Tax-effective investing

July 10, 2014

Over the years it has been interesting to hear how people talk about income taxes.

Taxes affect everyone differently. People are critical about income taxes taking up too much of their earnings. Many recent graduates complain about high taxes while they are struggling to pay off student debt.

Some income earners might invest in risky tax shelter investments to reduce their income tax liability. They will quickly purchase an investment they ordinarily would never have considered, for the sole purpose of lowering their taxes.

To get elected, political parties often position themselves as the party that will keep income tax low. Lower taxes are attractive to voters and often result in the creation or expansion of businesses which may lead to an increase in jobs.

When people are discussing their financial planning and investment objectives, the subject of being more tax-effective comes up frequently. They have the perception that others have strategies to pay less income tax and they want the same advantage.

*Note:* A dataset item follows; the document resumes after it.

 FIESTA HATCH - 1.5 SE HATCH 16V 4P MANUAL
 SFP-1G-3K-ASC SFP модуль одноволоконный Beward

Often in life it is the simple things that make the most sense. Tax planning is a good example of doing the simple things well in order to reduce your income tax liability. The easiest solution for lowering your taxes is to properly design your investment portfolio. This is an area in which most investors are unsuccessful.

The first part of designing an investment portfolio is determining the asset allocation between stocks and bonds. That decision is a trade-off between how much risk you are comfortable with and how much risk you should take to achieve your objective.

The riskier asset class is stocks. They have a higher degree of volatility than bonds and will most likely have a greater return over the long-term. Assume your decision is to invest 60 percent in stocks and 40 percent in bonds. That is a start but it is only half of the process.

The final part is organizing those investments to be tax effective with the result of achieving the lowest amount of tax to be paid. This is a fairly simple exercise. Stocks pay dividends and have the potential for capital gains.

Dividend income and capital gains offer some favourable tax treatment so they are less costly from a tax perspective than interest income earned from bonds.

Therefore, if you are attempting to shelter investment income from income tax, it is to your advantage to shelter the interest income from your bonds. Sheltering income is easy.

There are no income taxes paid on investments held within a Registered Retirement Savings Plan (RRSP) or a Registered Retirement Income Fund (RRIF).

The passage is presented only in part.